My weekend seemed to get off to a good start and having Monday off because some zombie guy died 2000 years ago and my day-job boss is feeling giving. I’m sending out 4 pieces of art on Tuesday and maybe a few extra packages for some friends. Those are the high points and it pretty much goes downhill from here.
I went out on Friday looking to socialize. Did so and came back to not find the friendly feral cat who sleeps on my front porch, which is strange. She’s always out here to greet me and follow me inside for love and food. It’s been over 48 hours now and it’s as if she’s totally disappeared without a trace. Nobody in the neighborhood has seen her or heard anything. She was there when I left. For little over a year now, she’s made my back yard a sanctuary to get away from the street and she waits at the door for food and petting almost like clockwork, 4 times a day. She made the first steps to become friendly with me and just this week she was cuddling with me. I now have little hope left for Patience (the cat) and this makes me incredibly sad. I’m fearing the worst.

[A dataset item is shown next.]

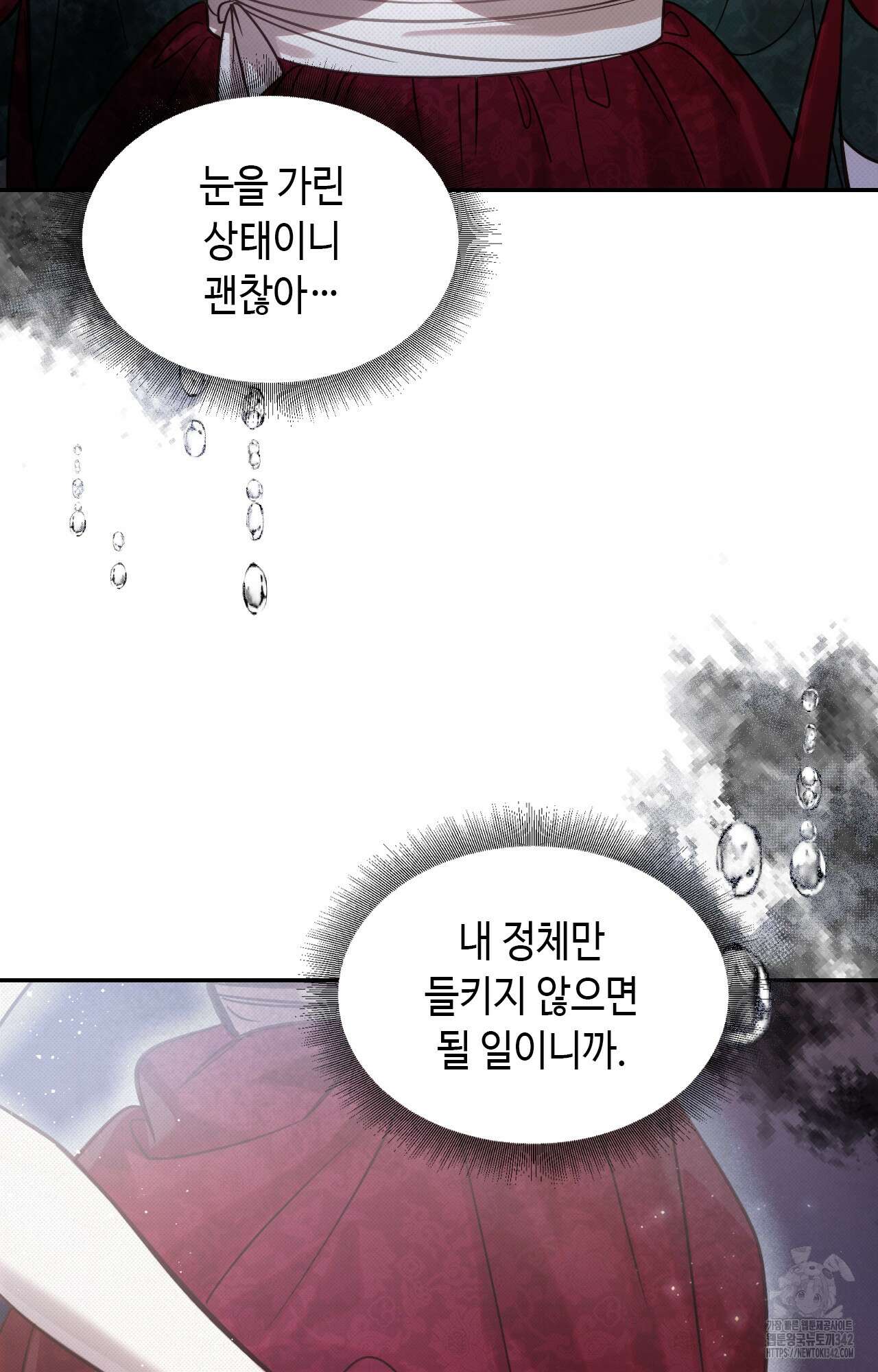 하는 중전 37화 17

To add insult to injury, as I sometimes do, I log into MySpace and add truncated bits of this blog over there to keep people aware of goings on and things I’m proud of with a direct link to what it pertains to in regards to my illustration work and events I attend. I originally joined up to keep in touch with college friends, but it’s morphed into a place to keep in touch with nearly anyone I’ve ever met, slept with, known through events, worked with, gone to school with, collaborated with, or just plain enjoy their company. A friend on there informs me that my blog link is “weird” that links to my post below so I investigate. Here’s what came up:

Now, I’m no spammer, phisher, or “head louse” but either somebody on MySpace is a prude and doesn’t like to read about events that are rather G-Rated or somebody in management at MySpace has a small penis tiny reptilian brain power abuse problem and is making up for his short comings by blocking random users from linking to stuff that may or may not be objectionable without reading any of the content. As you can tell there is nothing wrong with the post below and I don’t even think I used an expletive. They decided that I was to be censored over a rather tame posting where some of my other postings were decidedly left alone and much more, um, not for the faint of heart. I immediately filed a complaint with their help desk.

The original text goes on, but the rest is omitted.